Pour mettre à jour l’horreur du système économique, il aura suffi de se pencher sur le vieil adage entrepreneurial selon lequel « le temps c’est de l’argent » et de le retourner comme un gant pour en faire l’idée maîtresse du scénario. Dès lors, l’argent c’est du temps, du temps de vie. Résultat, une société fictive où les humains ont été génétiquement modifiés pour ne plus vieillir à partir de 25 ans, et dans laquelle il faut littéralement gagner sa vie, son existence, sans crédit possible. À la seconde où le compteur, qui s’affiche numériquement sur l’avant-bras, tombe à zéro, la machine humaine s’arrête, et meurt, irrémédiablement.
Non content d’avoir levé un bon gimmick narratif, Time Out va plus loin en dénonçant la spoliation par quelques-uns du temps de vie produit par le plus grand nombre. Derrière le masque d’une société où l’égalité théorique se manifeste via l’arrêt du vieillissement à 25 ans, la caste dirigeante maintient son contrôle sur le reste de la population, soit en augmentant les cadences, soit en organisant l’inflation des produits de première nécessité, payés en temps de vie. Ça ne vous rappelle rien ? Ainsi l’immortalité pour tous promise par la génétique reste-t- elle l’apanage de la seule oligarchie bancaire.

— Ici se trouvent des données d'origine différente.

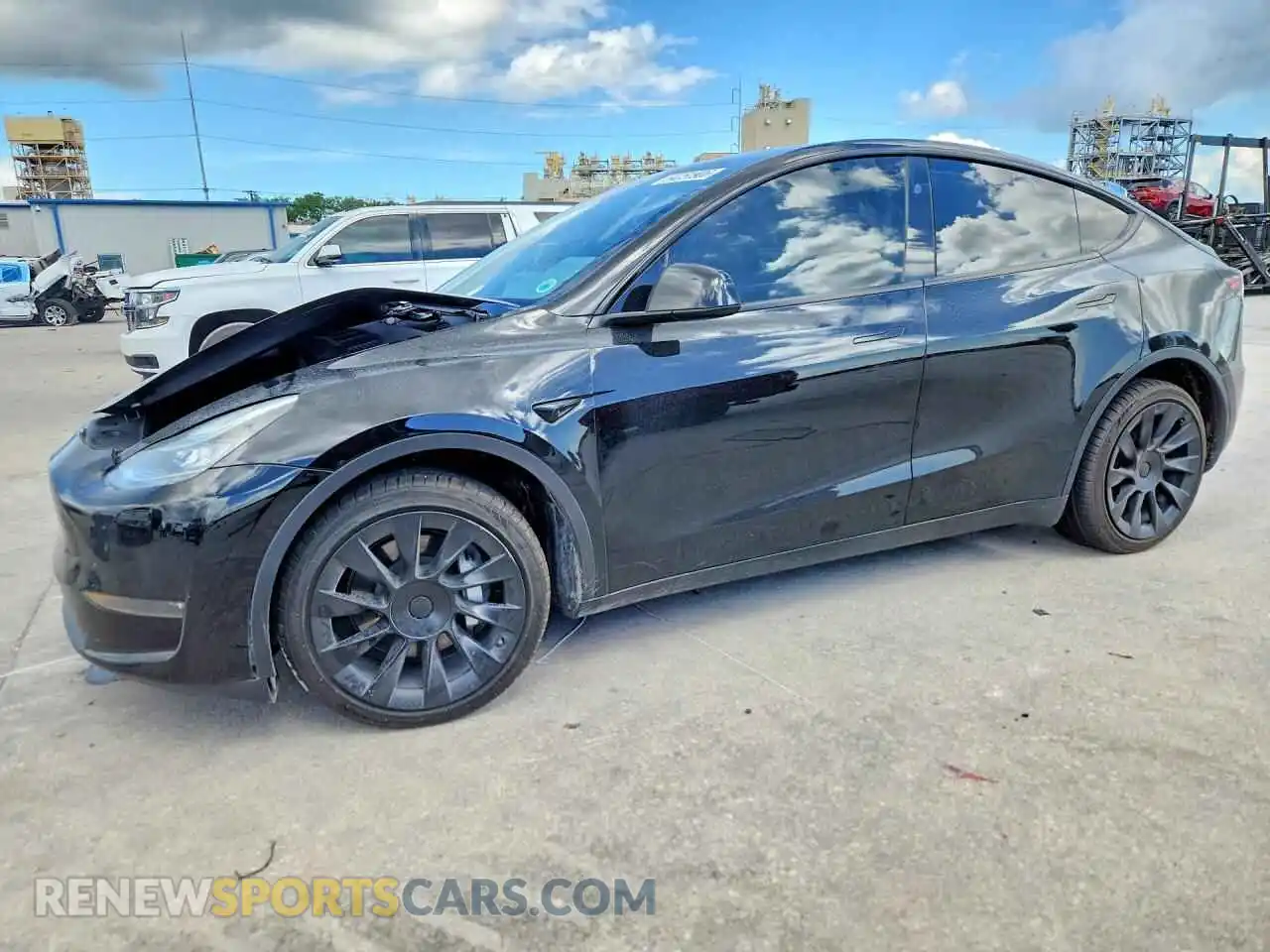 1 Photograph of a damaged car 7SAYGDEE1PA158725 TESLA MODEL Y 2023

Pour faire passer cette critique néomarxiste du système, on aurait pu penser qu’Andrew Niccol aurait fait des concessions de forme, de rythme. Il n’en est rien. Renouant avec l’esthétique de Bienvenue à Gattaca, son premier opus, Niccol réaffirme avec Time Out, son goût d’un univers rétro-futuriste dans lequel les DS 60’s ainsi que les Ford Mustang rouleraient depuis belle lurette à l’hydrogène, dans lequel l’architecture internationale (en France tout ce qui serait de style Pompidou) s’affirmerait en tant qu’expression indépassable du lieu type du pouvoir. Ajoutons à cela la nostalgie qu’exprime le film d’un cinéma d’action « old school », sans 3D, ni gunshot à tout va, et l’on aura une petite idée de ce Time Out.

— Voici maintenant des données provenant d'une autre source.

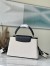 Louis Vuitton Capucines MM Bag in Canvas with Black Leather M59872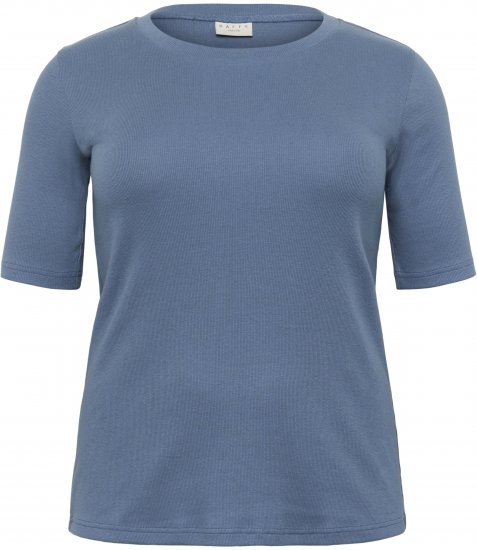 Kaffe Curve Carina T-Shirt Blue - Majice -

Réalisateur élégant, Andrew Niccol laisse sa mise en scène se déployer comme se meuvent ceux qui, dans la diégèse du film, ont la maîtrise du temps-argent. C’est-à-dire lentement, calmement, sereinement. Et ce luxe du temps, il est pour nous, spectateurs. L’intelligence du film consiste enfin à faire honneur aux qualités d’analyse de ses principaux protagonistes et de leur laisser la durée narrative nécessaire pour se rendre compte que la solution d’évidence, façon Bonnie and Clyde, cette « récupération individuelle » d’outlaws plus que d’anars, pour aussi séduisante qu’elle soit, ne règle rien.

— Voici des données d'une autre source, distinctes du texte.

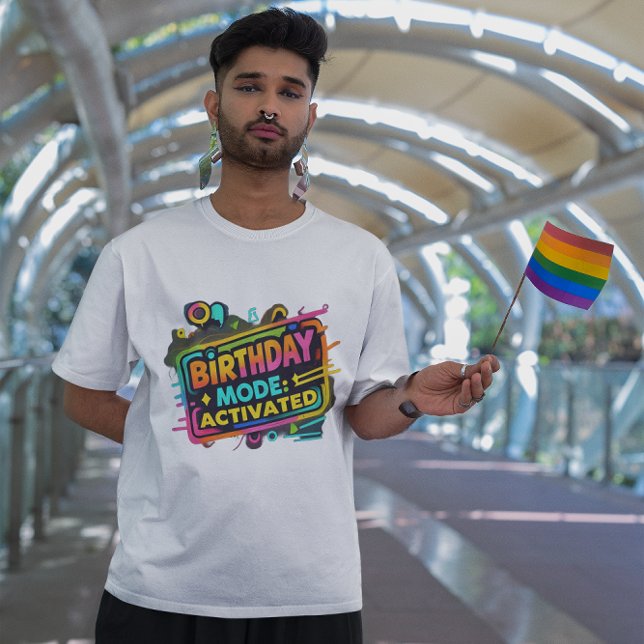 T-shirt Mode anniversaire Activé Graffiti Tee (Créateur téléchargé)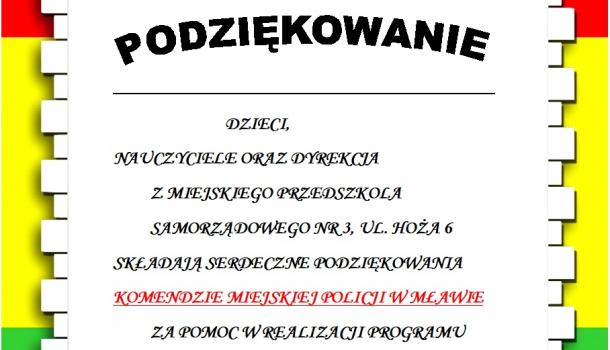 Podziękowania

Très chic dans son esthétique, très radical dans son propos, Time Out devrait – pour toutes les raisons évoquées ci-dessus et malgré les efforts des publicistes à survendre la prestation de Justin Timberlake – accéder au statut de film culte plus facilement qu’aux sommets du box-office. Néanmoins, s’il parvenait à ce dernier point, nous aurions nous, « regardeurs », toutes les raisons d’être optimistes.